Two representations of the same dyad
You can always store a dyadic dataset two ways.
Wide format has one row per dyad, with separate columns for each member.
dyad_id wnc_a wnc_p satisfaction_a satisfaction_p has_children
1 2.1 1.8 4.2 4.6 1
2 0.7 0.5 5.1 5.0 0
The suffixes _a and _p are arbitrary labels — “actor” and “partner” — and they refer to the roles assigned to the two columns, not to specific people. For an indistinguishable dyad, the assignment is arbitrary: switching the labels gives you the same dataset, just with a different person labelled as actor.

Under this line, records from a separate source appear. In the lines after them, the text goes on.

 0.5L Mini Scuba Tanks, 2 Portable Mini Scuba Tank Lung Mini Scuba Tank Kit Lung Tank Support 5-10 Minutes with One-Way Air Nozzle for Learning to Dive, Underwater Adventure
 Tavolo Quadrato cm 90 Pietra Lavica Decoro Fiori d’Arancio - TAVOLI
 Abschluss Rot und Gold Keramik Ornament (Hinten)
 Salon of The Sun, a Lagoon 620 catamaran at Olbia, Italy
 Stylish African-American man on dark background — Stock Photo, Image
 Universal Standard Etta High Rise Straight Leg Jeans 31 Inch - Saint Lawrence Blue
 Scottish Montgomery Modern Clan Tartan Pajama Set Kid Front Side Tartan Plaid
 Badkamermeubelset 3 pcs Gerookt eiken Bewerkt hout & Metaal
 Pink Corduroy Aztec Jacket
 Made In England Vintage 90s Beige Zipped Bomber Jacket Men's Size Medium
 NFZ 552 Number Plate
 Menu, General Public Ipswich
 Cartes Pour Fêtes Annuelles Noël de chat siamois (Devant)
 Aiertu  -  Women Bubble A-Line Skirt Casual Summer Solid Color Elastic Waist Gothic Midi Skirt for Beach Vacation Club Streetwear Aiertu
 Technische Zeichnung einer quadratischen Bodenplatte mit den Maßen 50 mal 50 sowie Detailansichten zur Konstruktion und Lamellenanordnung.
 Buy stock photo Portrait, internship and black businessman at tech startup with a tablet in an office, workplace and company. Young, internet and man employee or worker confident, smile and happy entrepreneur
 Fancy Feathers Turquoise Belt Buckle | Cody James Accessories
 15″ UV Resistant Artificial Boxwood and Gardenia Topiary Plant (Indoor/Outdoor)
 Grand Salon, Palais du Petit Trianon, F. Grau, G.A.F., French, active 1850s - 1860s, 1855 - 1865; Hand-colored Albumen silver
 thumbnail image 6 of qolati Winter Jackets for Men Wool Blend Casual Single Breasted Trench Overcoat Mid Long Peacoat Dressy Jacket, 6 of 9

For a distinguishable dyad, the labels are not arbitrary. You adopt a convention: _a is the husband, _p is the wife; or _a is the parent, _p is the child. Once the convention is chosen, it is fixed.
Long format has one row per person, with a person-id column and a dyad-id column.
dyad_id person_id gender wnc partner_wnc satisfaction has_children
1 1 male 2.1 1.8 4.2 1
1 2 female 1.8 2.1 4.6 1
2 1 male 0.7 0.5 5.1 0
2 2 female 0.5 0.7 5.0 0
Long format is the natural format for multilevel models, because multilevel models treat persons as nested in dyads. Wide format is the natural format for structural equation models with lavaan, because lavaan syntax writes one regression per row of data.
The doubling rule
A wide-format dataset of \(N\) dyads has \(N\) rows. A long-format dataset of the same \(N\) dyads has \(2N\) rows — one for each member. The two are the same dataset; the only difference is the storage layout. You can always convert between them with a double-and-stack (long → wide) or a pivot-and-average (wide → long) operation.
dplyr
The simulate_exercise_data.R script in the exercises shows the standard pattern for going from long to wide with tidyr::pivot_wider() and from wide to long with tidyr::pivot_longer().
When to use which
| Use | Format | Why |
|---|---|---|
Multilevel models (lme4::lmer) |
long | Multilevel models are written in long format. |
SEM in lavaan |
wide | One row per dyad; each column is a variable in the model. |
SEM in lavaan with moderation |
long | Manual interaction columns are easier in long format. |
Cluster-robust standard errors in lavaan |
long | lavaan accepts a cluster argument and treats long-format data correctly. |
| Aggregation (e.g. computing ICC) | both | Easier in long format. |
The indistinguishable MLM tutorial uses the long format. The SEM wide tutorial for indistinguishable dyads uses the wide format. The distinguishable SEM wide tutorial also uses wide format. The SEM with moderation tutorial switches to long format to make the gender interaction easier to write.
A third option: the two-intercept model
For distinguishable dyads, the two-intercept tutorial shows a third approach: fit a single multilevel model with two intercepts (one per role) and constrained equal slopes. This is a special case of the long-format MLM that is useful when you want to report the absolute mean of each role, not the contrast with a reference group.
How the simulated datasets on this site are laid out
The dyad_data.RData file contains:
ddl— long format, 200 rows, 10 columns.ddw— wide format, 100 rows, 10 columns.
The exercise_data.RData file contains:
ddl2— long format, 500 rows, 15 columns.ddw2— wide format, 250 rows, 16 columns.
Both datasets are documented in the Data section.
References
- Kenny, D. A., Kashy, D. A., & Cook, W. L. (2006). Dyadic data analysis. Guilford Press. (Chapter 3 on data layouts.)
- Ackerman, R. A., Donnellan, M. B., & Kashy, D. A. (2011). Working with dyadic data: An introduction. In L. M. Horowitz & S. N. Strack (Eds.), Handbook of interpersonal psychology (pp. 547–558). Wiley.